“Behavioral finance” sounds like something only wolves of Wall Street need to worry about. But if you know a little about this topic, you could improve your regular saving and spending. Behavioral finance merges psychology and money, and experts are figuring out the science behind why people make irrational financial decisions. In the age of self-discovery, would you like to know why you make those impulse-buys or bad investments? It could have something to do with times of crisis (like the entire first half of 2020). John Forlines is the founder and chairman of JAForlines Family Office. So he tells Bold TV how your environment affects your behavior.

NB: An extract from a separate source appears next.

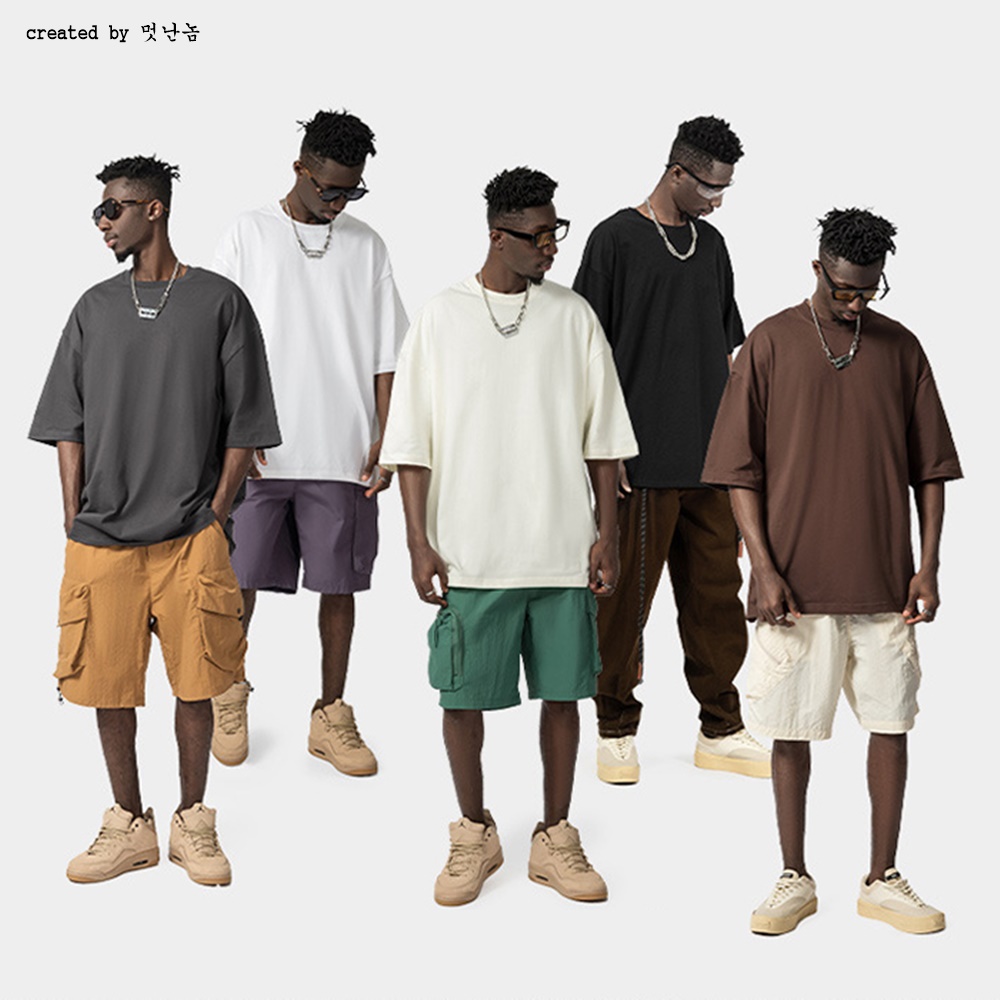 헤비코튼 남자 오버핏 반팔 박스티 무지 - 상세 이미지 2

Reset your reference points
It’s human nature. Our behavior changes in times of crisis. For example, take the year 2020. With the global pandemic and nationwide economic shutdowns, our reality changed faster than you could say quarantine. Forlines says the most common mistake you can make is not resetting your reference points. At the beginning of a crisis, we typically guess it will end quickly. So when the situation continues (like these shutdowns), we have to constantly adjust and react. For example, many people haven’t made plans for after unemployment runs out. This situation causes stress, which can lead to bad decisions.
Looking at the long game
So how stressed should you be right now? Here’s what you should know about times of financial crisis: The effects are short-, medium- and long-term. Short-term effects can overtake our decisions if we don’t reset our reference points. Medium effects last about three to six months and are typically negative. For example, the first part of our stimulus checks are running out, and our public markets will be rocky for a while. But experts believe the long-term effects won’t be terrible. Don’t let the cognitive stress of the moment make you freak out. Do your research and hold the line!